O’Brien: landlord and REIT investor
While a TD for Dublin North in 2008, Darragh O’Brien declared in the Dáil register of interests holdings in a Standard Life Assurance savings policy. The policy promised returns to holders through investments in REITs, which were later introduced to Ireland in 2013 through legislation brought by finance minister Michael Noonan.
Thanks to 2012’s Real Estate Investor Tax break, REITs pay little-to-no tax on profits. US REIT Round Hill Capital this week acquired an entire housing development in Hollystown in north Dublin, as well as the majority of another development in Maynooth, Kildare. The company intends to rent these properties.
We can presume these rents will be set to market prices.
O’Brien further declared he was a landlord from 2007-2015. He found himself in possession of not one, but two houses, so chose to rent one out, starting in the heady, pre-crash era.
O’Brien along with his wife bought a family home in 2007, but decided against selling his former residence – a two-bed apartment in Malahide. O’Brien rented the property first to a family member from 2007 and later to other private tenants, before finally selling the property at 11 Castle Heath, Swords Road, Malahide.

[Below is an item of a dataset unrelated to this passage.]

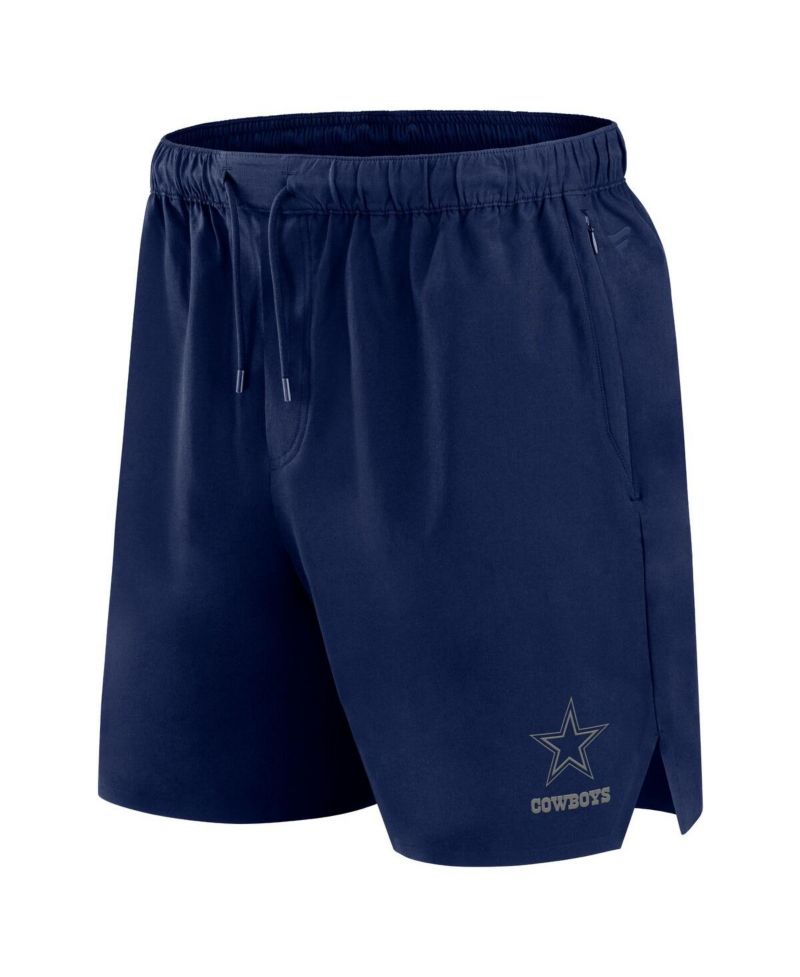 Men's Navy Dallas Cowboys Front Office Woven Shorts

He sold it for €290,000 in March 2015.
O’Brien refused to comment on his investment in REITs, his time as a landlord and his donations from a property developer.
‘You wouldn’t fit two people into this place’

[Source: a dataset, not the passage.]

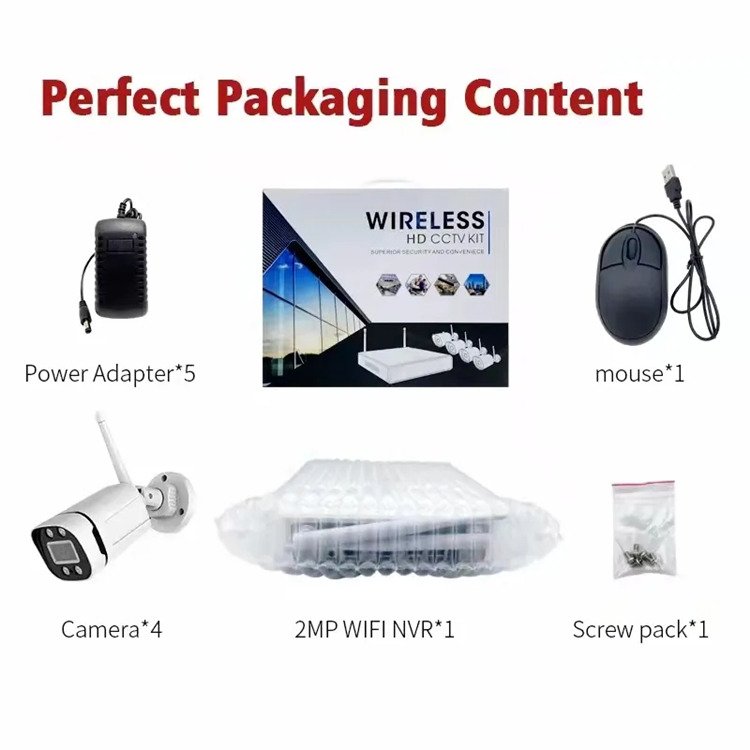 Jianvision wholesale price mobile phone remotely view surveillance waterproof outdoor wireless camera security system with wi fi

O’Brien’s government and party colleague Robert Troy is another landlord with a serious property portfolio. And he knows how to protect his interests.
In 2019 he took an unsuccessful Residential Tenancies Board (RTB) case against a tenant renting from him a €1,250 per month one-bed flat in Phibsborough, Dublin 7. Troy had let the flat to small business owner Paul McGahan. The flat is “a tiny little thing” according to McGahan: “You wouldn’t fit two people into this place,” he said.
McGahan said that Troy continually warned him he would bring an RTB case against him for cleaning costs. Rather than pay his final month’s rent, McGahan chose to surrender his deposit to Troy.
Unknown to McGahan, Troy followed through on his warning and initiated RTB proceedings against him. The RTB however on 7 November, 2019 ruled against Troy.
Which meant Troy had to pay his own cleaning costs.
The Minister of State at the Department of Enterprise, Trade and Employment however has means to pay these costs. His property holdings include a Dublin 7 house split into four flats, one which recently let for €1,550 per month rent. Troy, along with his business partner John Noel McGivney, are also to develop two three-bed houses in Phibsborough, despite objections from a local residents’ association.
Troy and McGivney – who has interests in nursing homes and greyhounds – are also developing apartments in Mullingar, Westmeath. The Longford-Westmeath TD in 2019 criticised Westmeath County Council for failing to provide adequate housing, saying, “I find the lack of urgency alarming and the lethargic nature of some of the senior members in the council is deeply frustrating given the number of people within the county who are in urgent need of accommodation.”
Former county councillor Troy has now declared that he intends to sell his Westmeath development to Westmeath County Council.
Troy declined to comment on his property portfolio, his RTB case against McGahan, his plans for further development in Dublin 7 and his plans to sell apartments to Westmeath County Council, of which he was formerly a member.